(Supplied records):

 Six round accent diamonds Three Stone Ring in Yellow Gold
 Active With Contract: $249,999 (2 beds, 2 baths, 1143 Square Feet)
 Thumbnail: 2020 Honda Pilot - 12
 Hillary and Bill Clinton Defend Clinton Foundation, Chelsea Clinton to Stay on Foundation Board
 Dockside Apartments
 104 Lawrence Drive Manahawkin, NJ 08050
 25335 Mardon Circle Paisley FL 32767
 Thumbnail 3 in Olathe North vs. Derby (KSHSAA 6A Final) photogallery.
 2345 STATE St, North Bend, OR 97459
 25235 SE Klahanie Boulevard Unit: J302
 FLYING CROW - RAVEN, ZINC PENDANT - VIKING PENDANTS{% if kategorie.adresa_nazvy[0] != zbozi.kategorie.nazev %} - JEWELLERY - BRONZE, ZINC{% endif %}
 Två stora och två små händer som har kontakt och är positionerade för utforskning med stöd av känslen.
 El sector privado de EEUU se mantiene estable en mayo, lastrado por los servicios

(Task brief):
Going line by line through the data, tally each one that includes the string "Thumbnail", and answer with the tally only.

(Answer to the exercise):
2